▸ What you have to do:
What you return should match the data word for word, minus the images.
☆ ☆ ☆ ☆ ☆ ☆ ☆
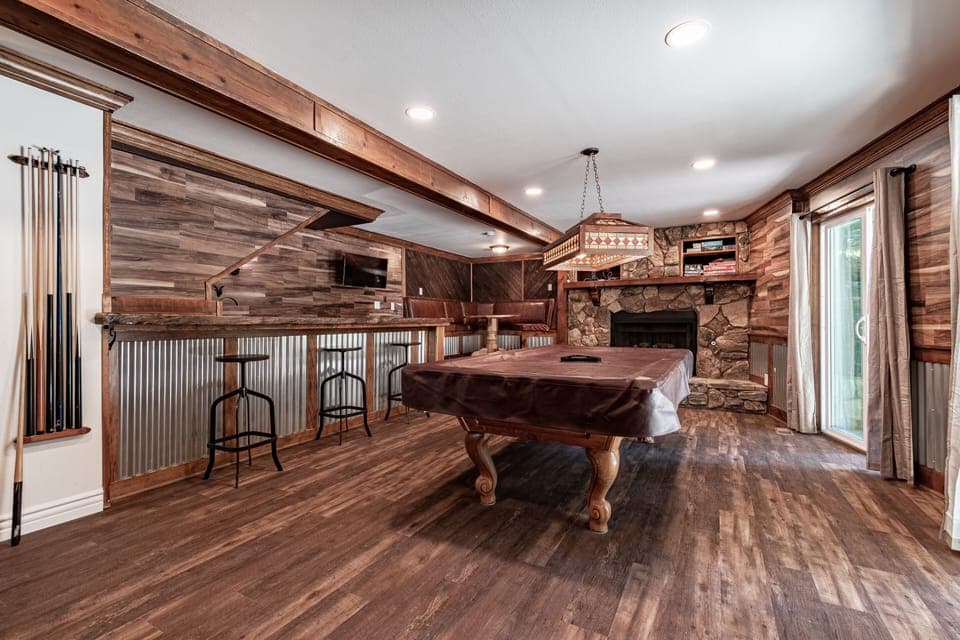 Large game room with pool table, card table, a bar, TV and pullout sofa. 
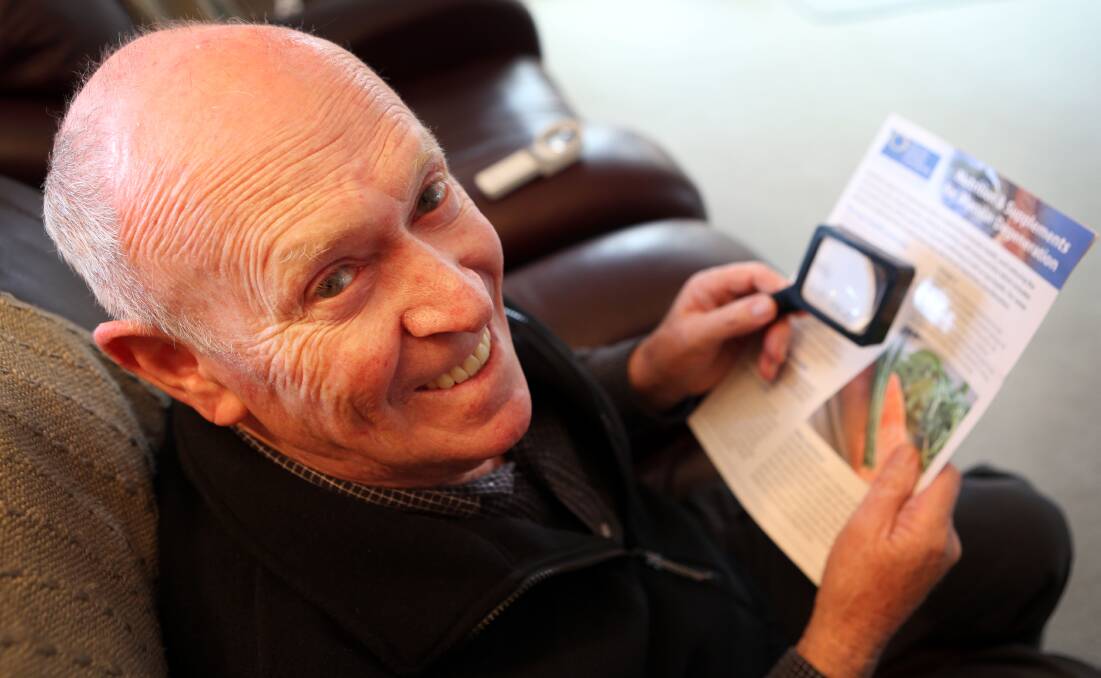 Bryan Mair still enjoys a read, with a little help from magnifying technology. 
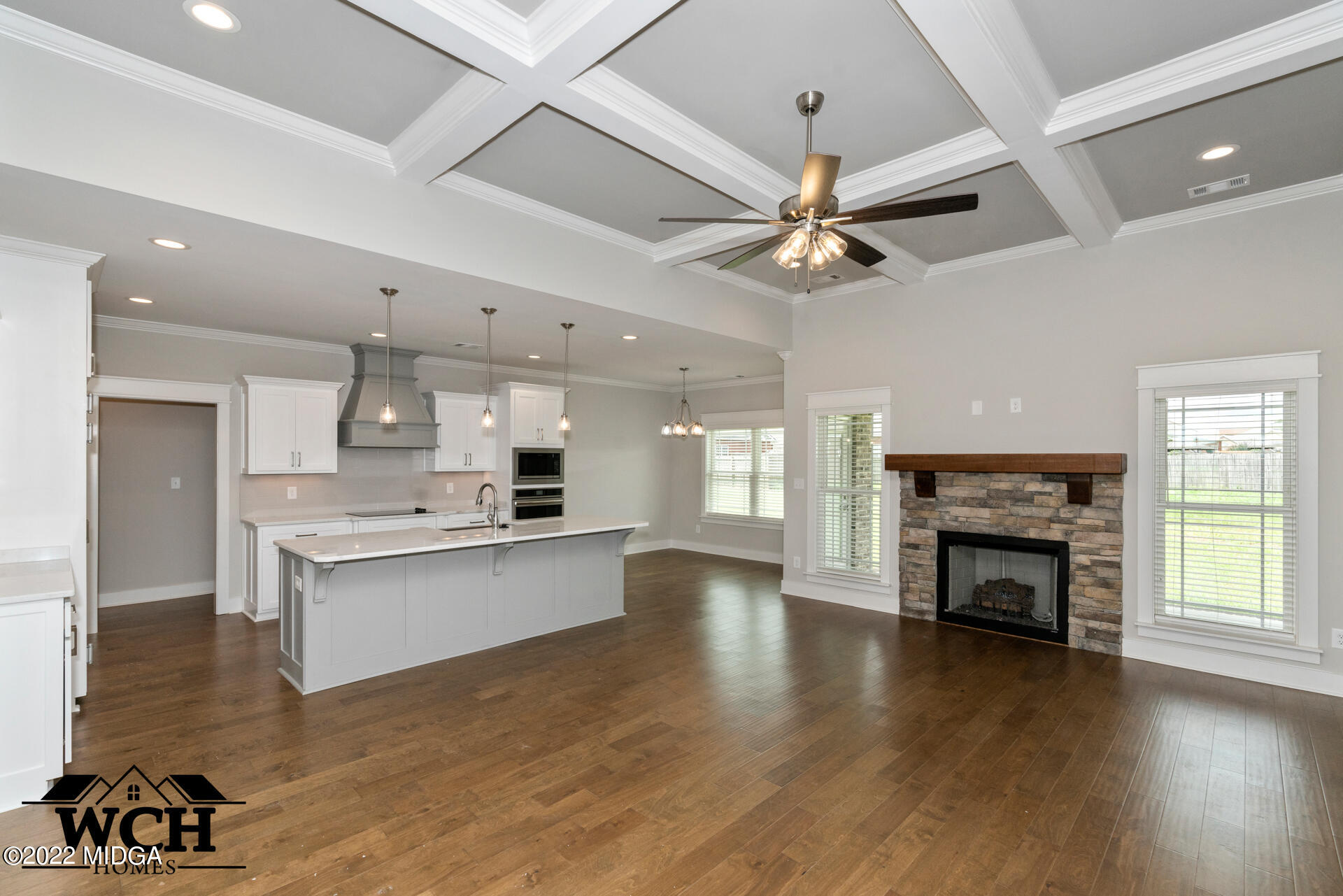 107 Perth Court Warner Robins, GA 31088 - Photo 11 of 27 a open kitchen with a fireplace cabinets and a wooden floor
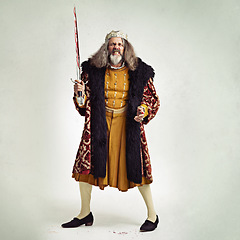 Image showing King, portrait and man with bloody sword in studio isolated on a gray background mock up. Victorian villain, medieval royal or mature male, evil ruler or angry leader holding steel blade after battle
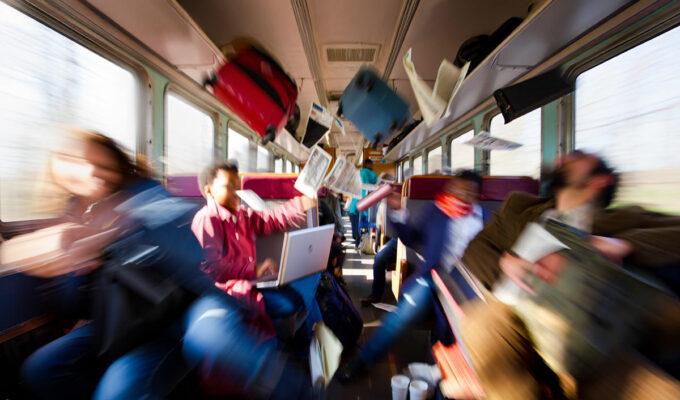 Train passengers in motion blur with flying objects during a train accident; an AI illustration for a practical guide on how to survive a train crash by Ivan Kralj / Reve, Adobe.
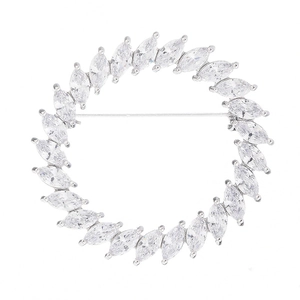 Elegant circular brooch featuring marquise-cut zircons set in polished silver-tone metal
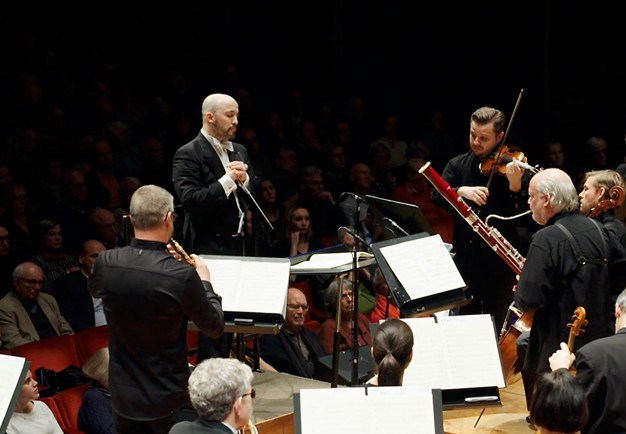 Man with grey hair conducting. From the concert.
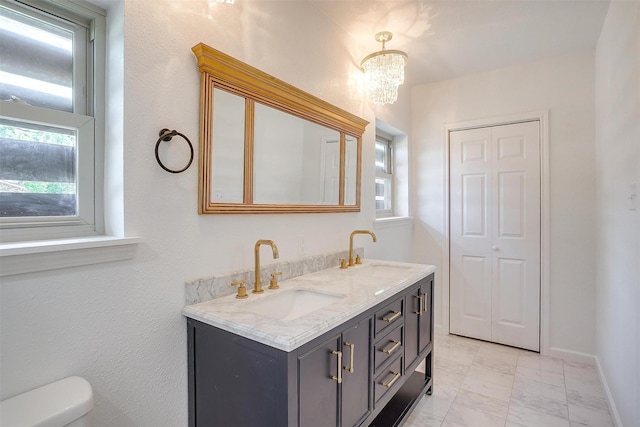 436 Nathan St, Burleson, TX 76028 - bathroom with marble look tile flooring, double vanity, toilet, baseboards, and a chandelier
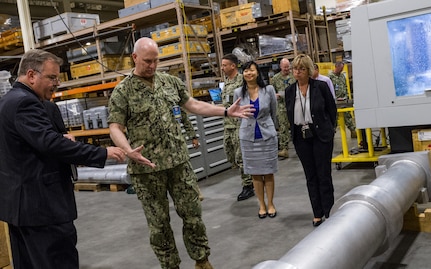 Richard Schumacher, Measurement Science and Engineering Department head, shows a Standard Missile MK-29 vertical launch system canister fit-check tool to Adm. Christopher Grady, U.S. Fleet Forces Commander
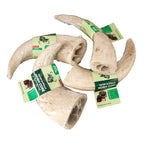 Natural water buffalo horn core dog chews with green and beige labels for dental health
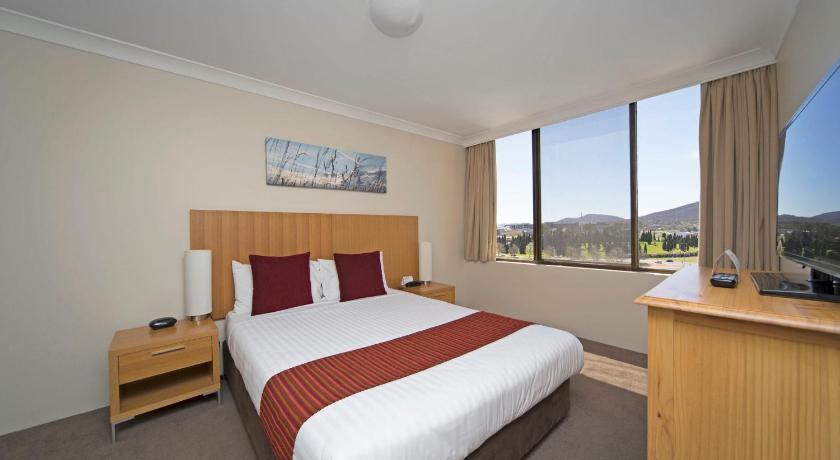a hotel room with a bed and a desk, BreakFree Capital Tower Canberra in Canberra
☆ ☆ ☆ ☆ ☆ ☆ ☆
▸ Answer to the problem:
 Large game room with pool table, card table, a bar, TV and pullout sofa. 
 Bryan Mair still enjoys a read, with a little help from magnifying technology. 
 107 Perth Court Warner Robins, GA 31088 - Photo 11 of 27 a open kitchen with a fireplace cabinets and a wooden floor
 Image showing King, portrait and man with bloody sword in studio isolated on a gray background mock up. Victorian villain, medieval royal or mature male, evil ruler or angry leader holding steel blade after battle
 Train passengers in motion blur with flying objects during a train accident; an AI illustration for a practical guide on how to survive a train crash by Ivan Kralj / Reve, Adobe.
 Elegant circular brooch featuring marquise-cut zircons set in polished silver-tone metal
 Man with grey hair conducting. From the concert.
 436 Nathan St, Burleson, TX 76028 - bathroom with marble look tile flooring, double vanity, toilet, baseboards, and a chandelier
 Richard Schumacher, Measurement Science and Engineering Department head, shows a Standard Missile MK-29 vertical launch system canister fit-check tool to Adm. Christopher Grady, U.S. Fleet Forces Commander
 Natural water buffalo horn core dog chews with green and beige labels for dental health
a hotel room with a bed and a desk, BreakFree Capital Tower Canberra in Canberra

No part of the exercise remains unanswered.